緊急事后藥吃多了會對身體造成很大的副作用。
“他那會其實已經結扎了。”
她不知道,周靳聲也不說,嘴巴跟涂了水泥似得,什么都不說。
“怪不得你下午找我問這事,那姜倩怎么懷孕的?”
“沒懷孕,假的。”
程安寧沒跟秦棠說過周靳聲是假結婚,姜倩是假懷孕。
“那結婚不會也是……”
“他說是假的,沒有領證,他沒碰過姜倩……”
沒碰過姜倩,那也是辦過婚禮的關系,那場婚禮盛大絢爛,讓人記憶深刻。
秦棠一顆心揪得很緊,很心疼程安寧,兜兜轉轉一圈,又回到原地。
程安寧倒是看得很開,說:“好啦,也沒什么要緊事,隨便聊聊,我去洗澡了,明天還上班,先這樣啦?”
“嗯,拜拜。”
晚上,張賀年是十一點多回到家的,夜色靜謐,秦棠還沒睡著,聽到臥室房間開門聲,臥室開著壁燈,看見秦棠沒睡,張賀年一邊走過來一邊脫了外套,蹲在床邊,他沒洗澡,不上床,問她:“在等我?”
“嗯。”
“愁眉不展的,出什么事了?”
張賀年伸手摸摸她的頭發,她掀開薄被往他懷里鉆,他握住她的肩膀,“沒洗澡呢,身上臟,下午出外邊談事,出了不少汗,你別抱。”
“沒聞到。”
“好好,沒聞到,所以怎么了?”
“寧寧跟我說,周靳聲是假結婚,姜倩也沒懷孕……”
張賀年挑眉,意外又不意外的表情。
“昨晚上在樺市,周靳聲跟你到底說了什么?”
張賀年低頭貼近她的耳邊,輕輕啄吻,“收拾爛攤子,或許周靳聲真有什么自己的難之隱。”
“你知道什么了?”秦棠立刻從他懷里出來,抬起頭看他。
“還不是時機,等時機到了,該知道的都會知道。”
張賀年又吻了吻她的臉頰,“你先睡,我去洗澡,禮禮今晚又跟你媽媽睡?”
“嗯。”
秦棠睡眠質量不好,小孩子經常半夜醒,張賀年這段時間忙,經常不在家,回來很晚,孩子就由蔣老師或者陳媽帶著睡,張賀年在家,就有他照顧。
家里都知道秦棠身體情況,能不讓她操心就不讓她操心。
……
張賀年答應周靳聲真的幫忙背鍋,把徐東揚的注意力引到自己身上,故意露出消息,讓徐東揚察覺他沒放棄調查的事。

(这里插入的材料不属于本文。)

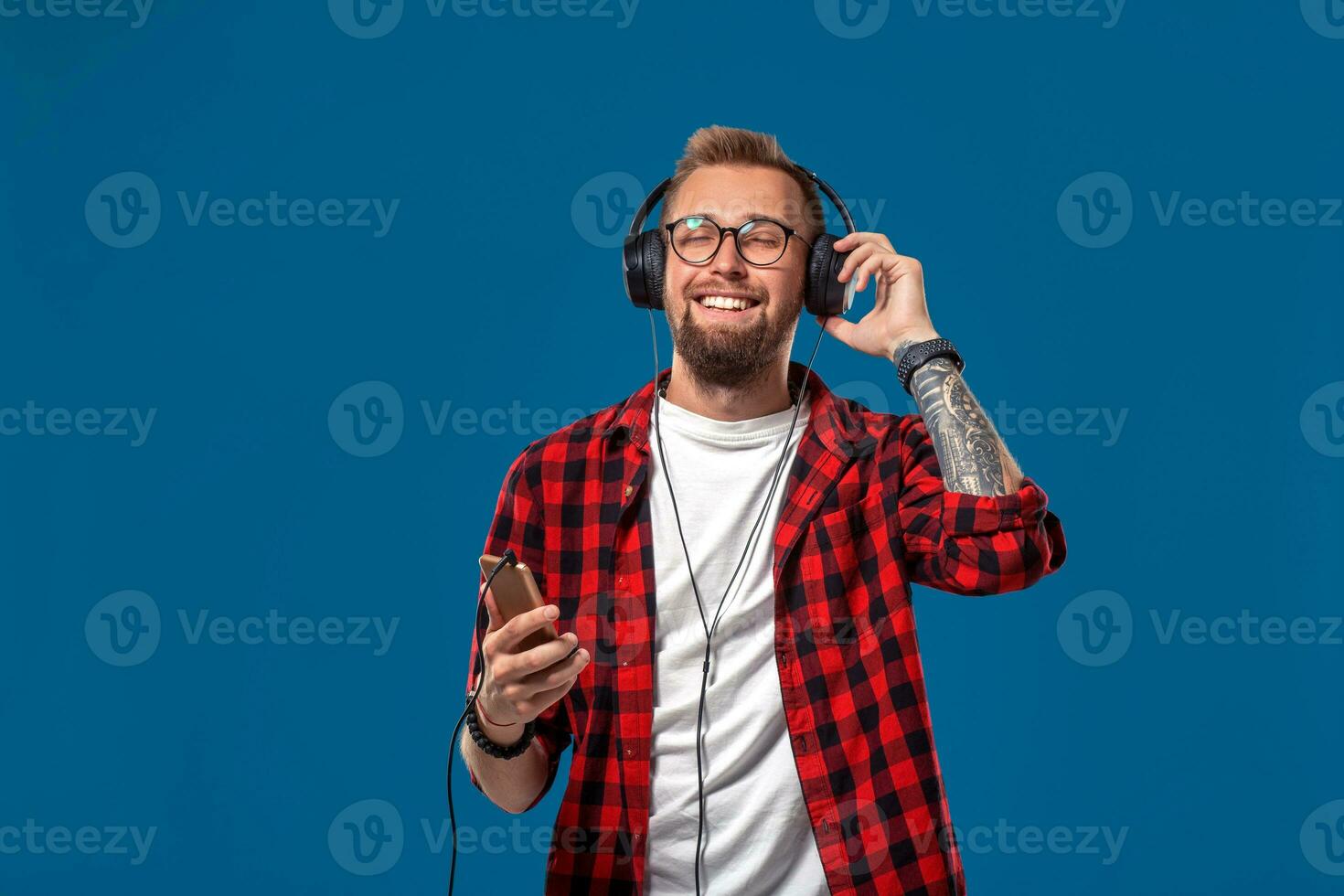 contento giovane uomo ascoltando per musica con cuffia. bello sorridente tipo nel scacchi camicia con chiuso occhi danza con cuffia. foto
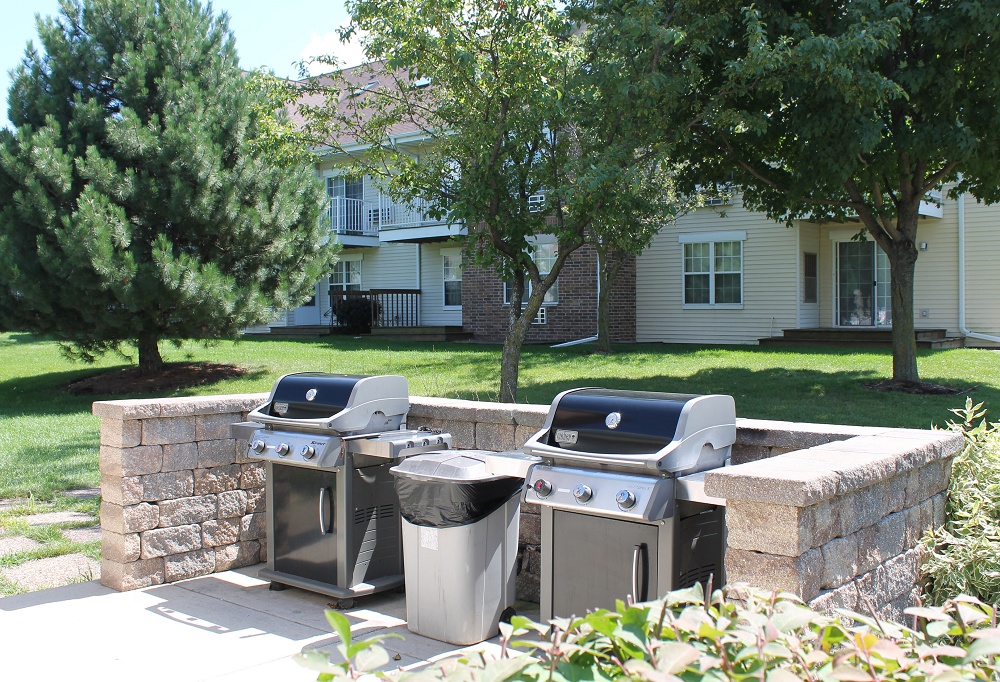 Two outdoor grills on a concrete patio with a short stone wall, and a lawn with trees leading up to the apartment complex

張賀年又去了趟港城見負責偵辦陳湛這案子的警司,他一出現在港城,徐東揚收到消息,副手膽子很大,直接提議道:“留著這姓張的始終是禍患,要不還是暗地里制造一場意外……”
“你當他傻,還是覺得我不夠高調,張賀年跟陳湛的案子牽扯這么深,他在節骨眼出事,傳了出去,外面怎么猜測?”
輿論已經對他不利了,再出什么幺蛾子,絕對是自找麻煩。
副手低了低頭,說:“不然這樣沒完沒了,姓張的都把手伸到我們這來了,游艇上那次讓他的人混進來,還錄了視頻……”
“用得著你提醒?”
徐東揚腿上的傷好得七七八八了,行動自如,想起被向珉再三警告,他跟條狗一樣,搖尾乞憐,想起來就特么惱火,向珉還下死命令這段時間不讓他離開港城,一出門走到哪里都有狗仔偷拍,甩也甩不掉。
“不敢,我只是擔心照這樣下去……”
“你驚乜嘢,我都未驚過。養你們有鬼用,廢物,垃圾。”
“對唔住。”
“對條嗨,滾,即刻滾。”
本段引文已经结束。